Write out exactly the lines from the one containing "Volkswagen ID.3 Volkswagen" through the last line of the records below, both included, and leave out any pictures.
START Task inputs
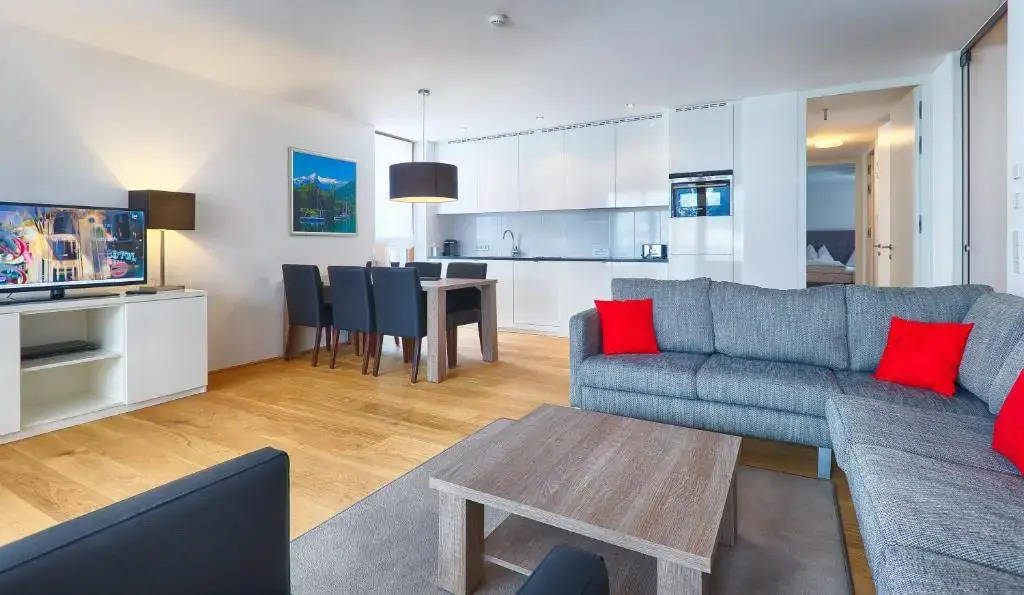 Residence Bellevue By Alpin Rentals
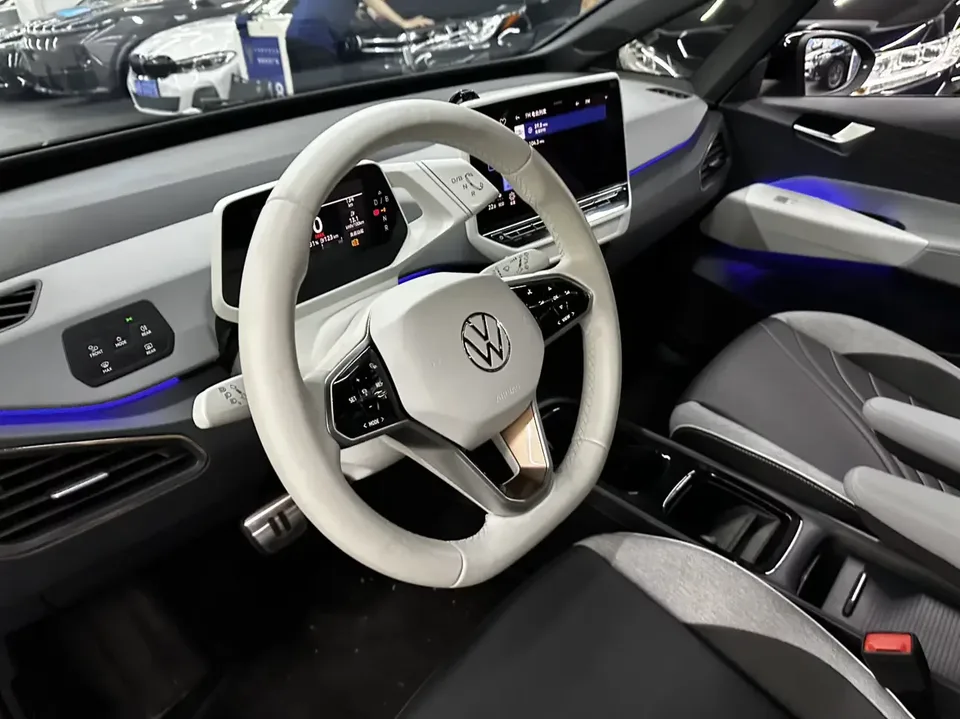 Volkswagen ID.3 Volkswagen ID.3 2022 Extreme Edition 2022 — thumbnail 3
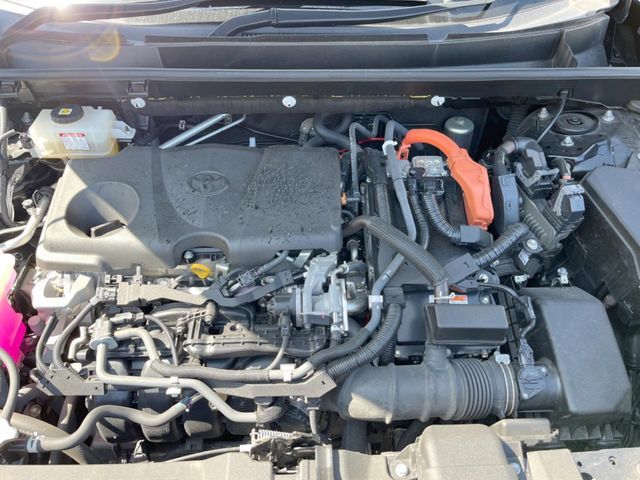RAV4 HYBRID 4WD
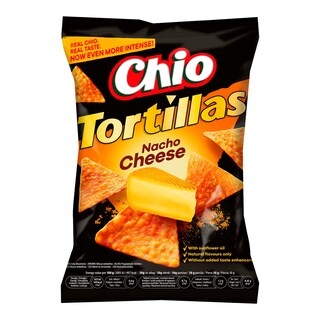 Chio Tortillas Cheese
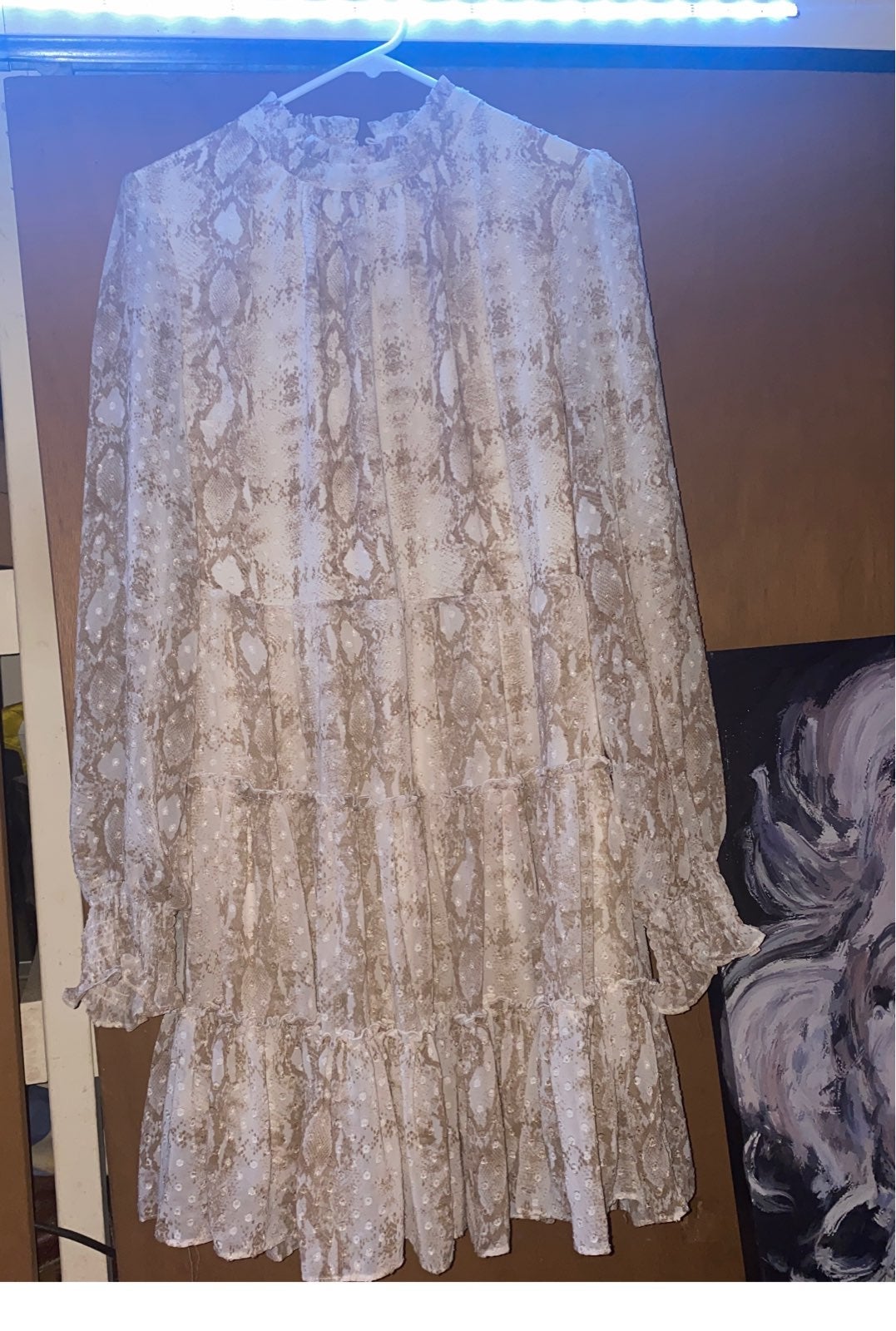 Karley size Large worn once custom-made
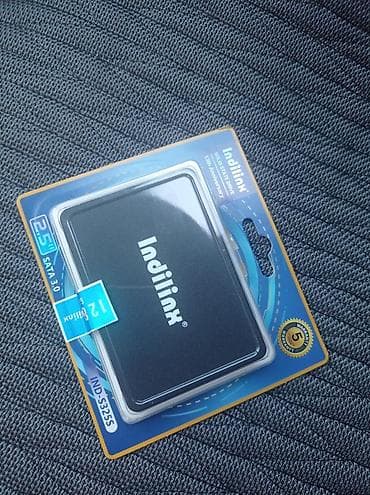 Накопитель, Новый, SSD, 128 ГБ, 2.5", Для ноутбука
END Task inputs
* [Task solution]
 Volkswagen ID.3 Volkswagen ID.3 2022 Extreme Edition 2022 — thumbnail 3
RAV4 HYBRID 4WD
 Chio Tortillas Cheese
 Karley size Large worn once custom-made
 Накопитель, Новый, SSD, 128 ГБ, 2.5", Для ноутбука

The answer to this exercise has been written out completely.